----- RECORD EXCERPTS

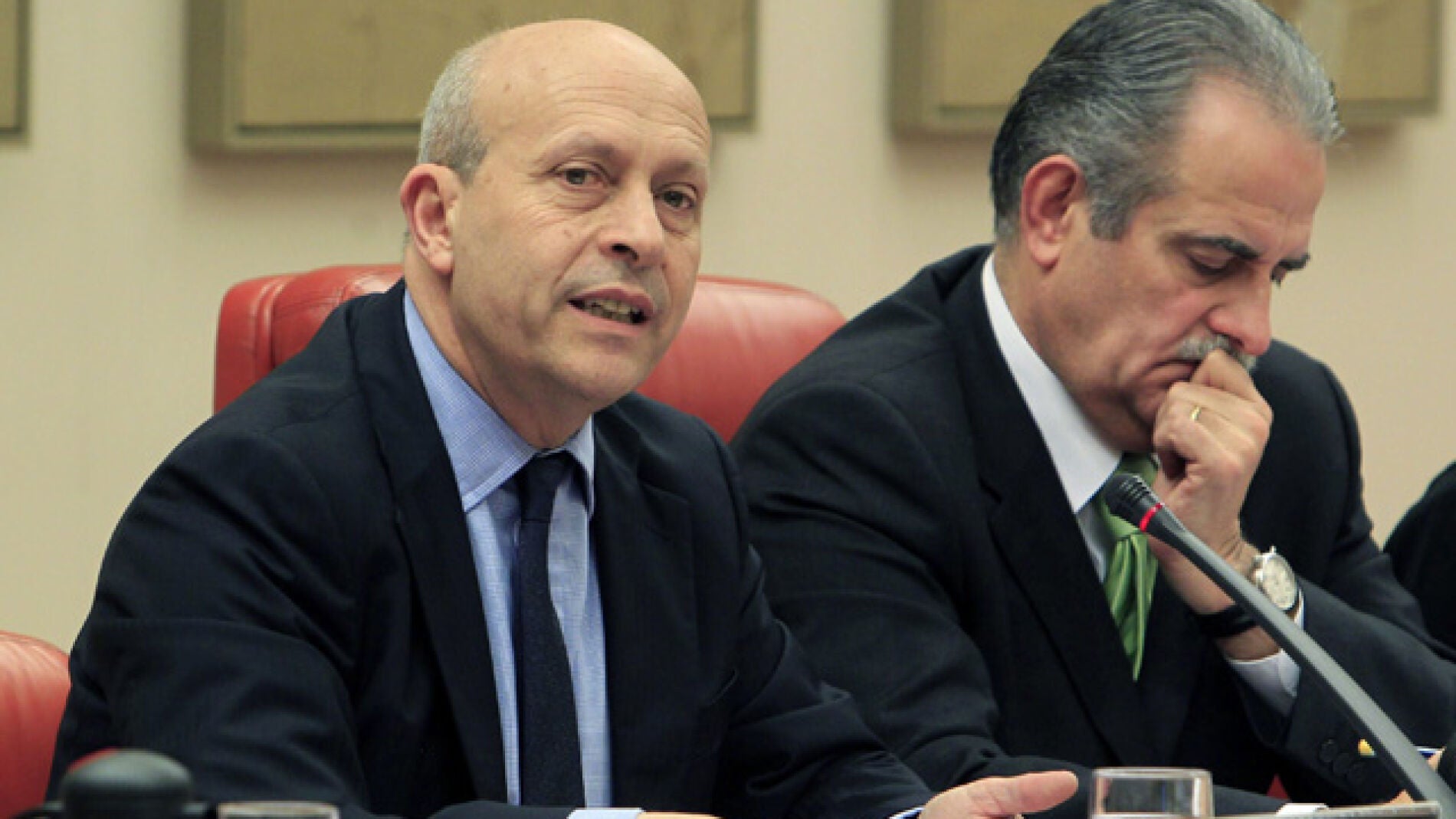 El ministro de Educaci&oacute;n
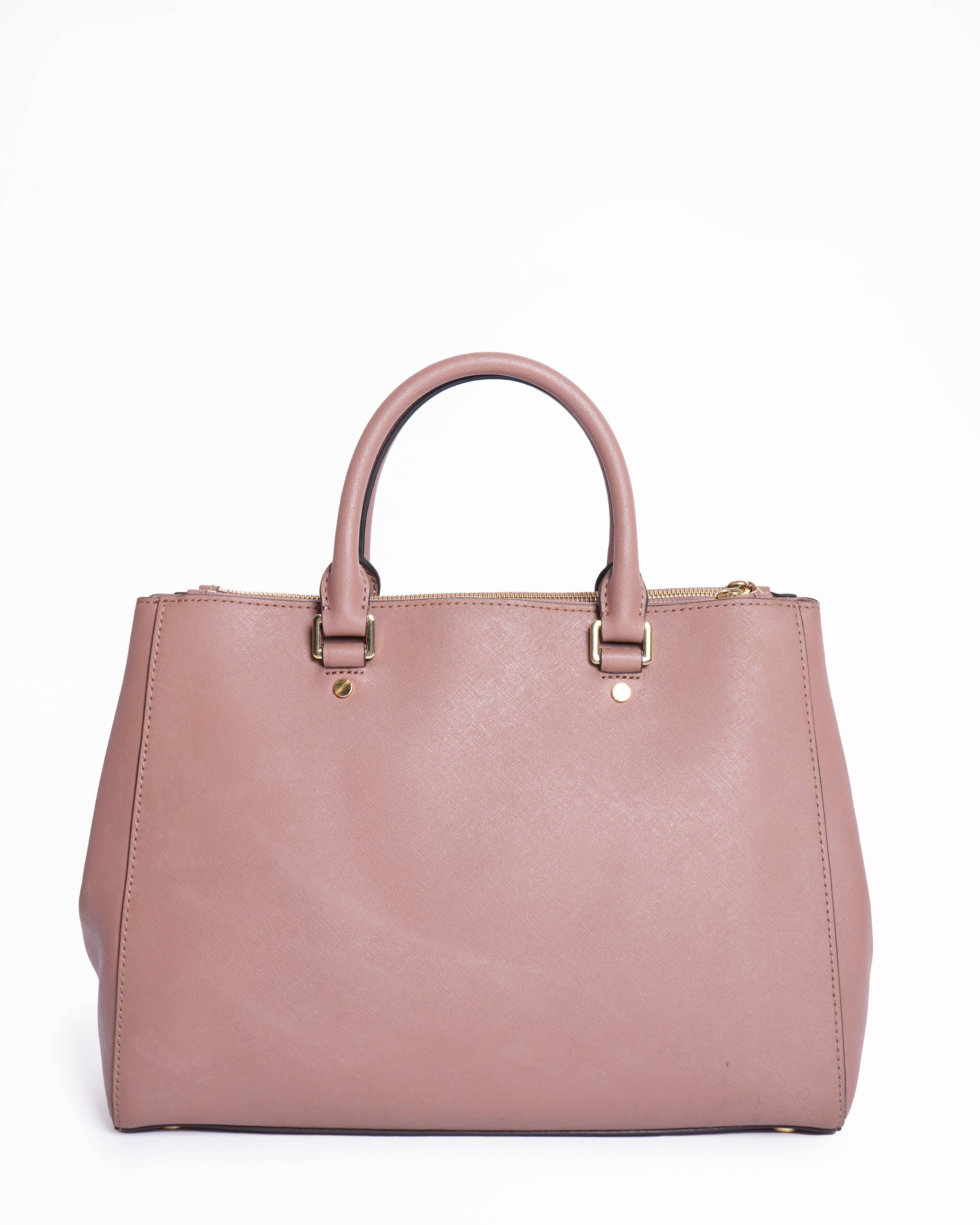 Michael Kors Handbag in Dusty Pink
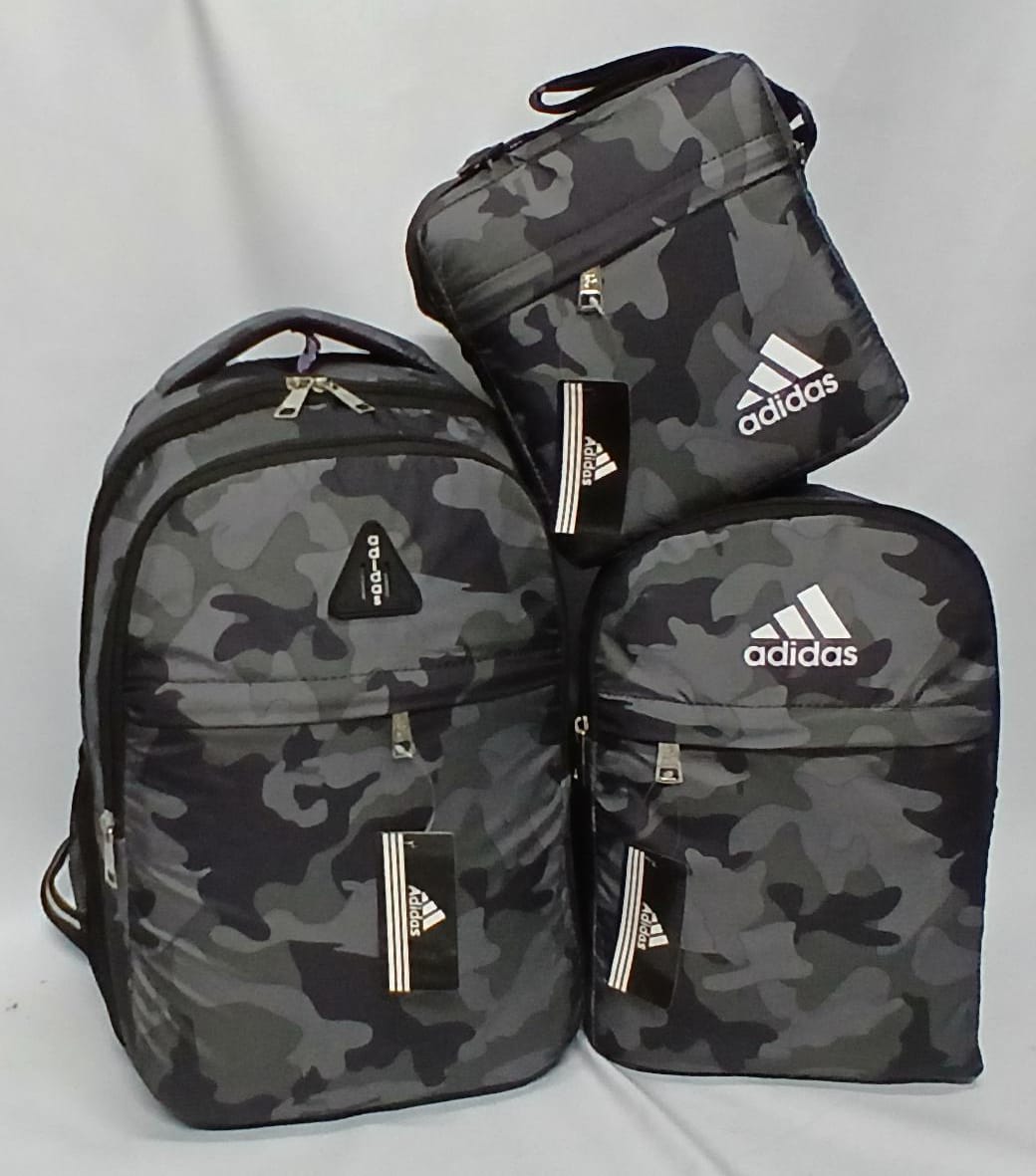 3pc combo backpack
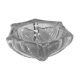 Ashtray star empty crystal pocket daum France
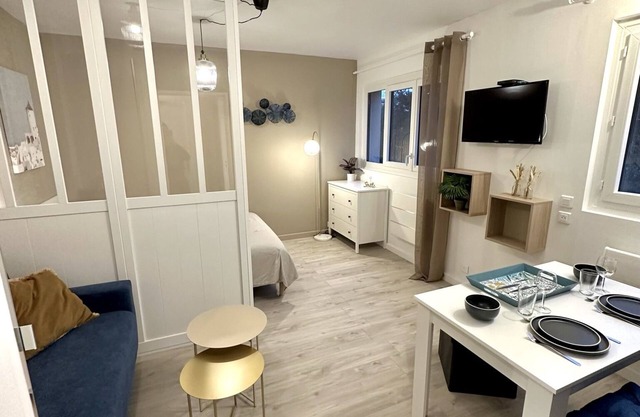 Superbe Appartement Proche Cannes Type 2 Pièces Avec Parking Privé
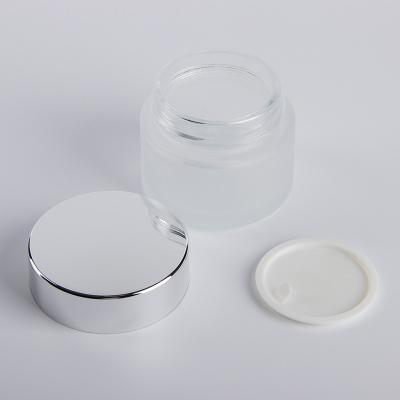 China Washable Empty Moisturizer Containers , Practical Lotion Jars With Lids Durable for sale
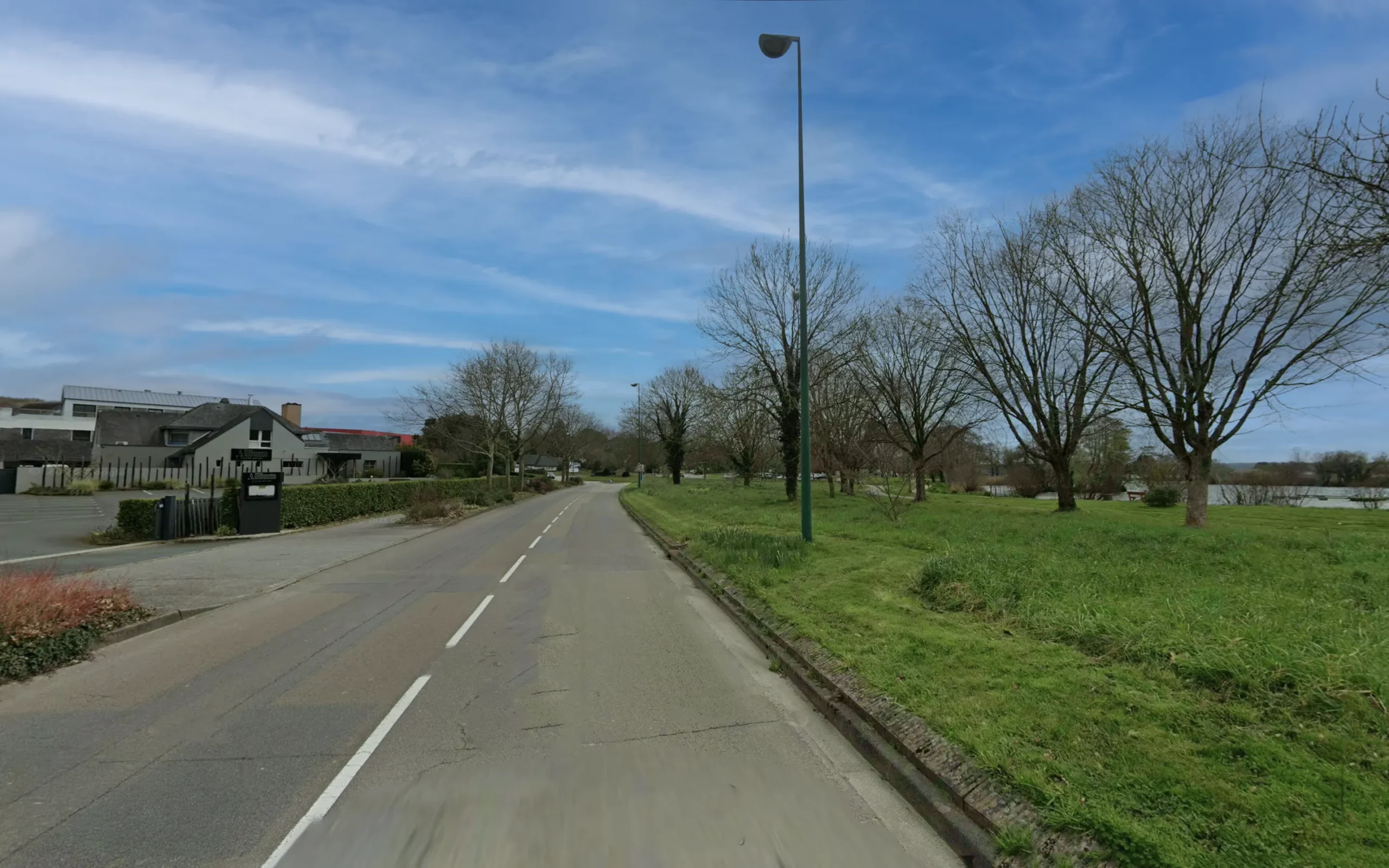 À Quimper, le boulevard de Créac’h-Gwen fait peau neuve et comble une faille piétonne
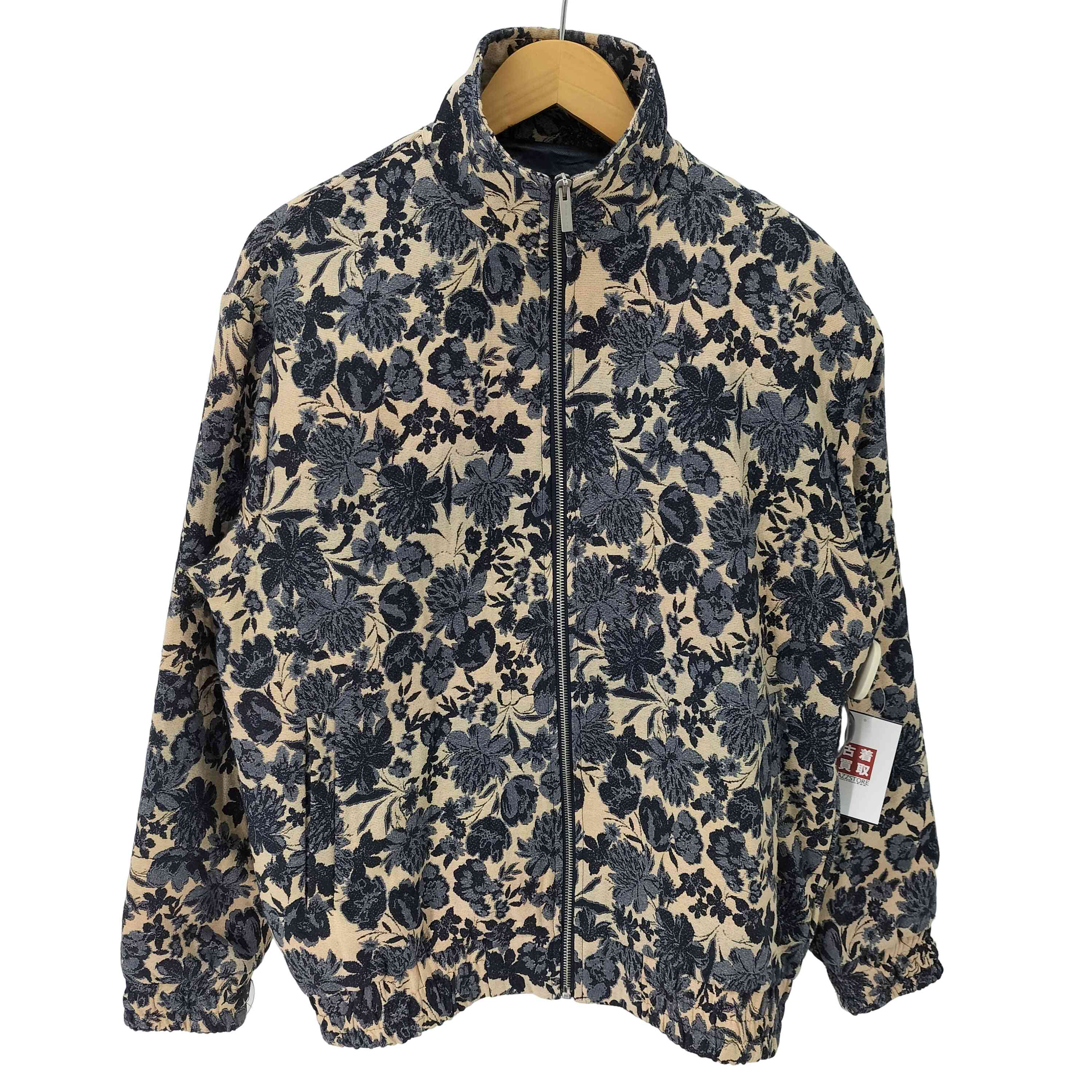【中古】ドロールドムッシュ DROLE DE MONSIEUR 22AW Floral Harrington Jacket フローラル ハリントン 上衣 スウィングトップ メンズ import：S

----------

» WHAT YOU ARE ASKED TO DO:
Return each entry exactly as given. Leave the images out.

» EXERCISE RESPONSE:
 El ministro de Educaci&oacute;n
 Michael Kors Handbag in Dusty Pink
 3pc combo backpack
 Ashtray star empty crystal pocket daum France
 Superbe Appartement Proche Cannes Type 2 Pièces Avec Parking Privé
 China Washable Empty Moisturizer Containers , Practical Lotion Jars With Lids Durable for sale
 À Quimper, le boulevard de Créac’h-Gwen fait peau neuve et comble une faille piétonne
【中古】ドロールドムッシュ DROLE DE MONSIEUR 22AW Floral Harrington Jacket フローラル ハリントン 上衣 スウィングトップ メンズ import：S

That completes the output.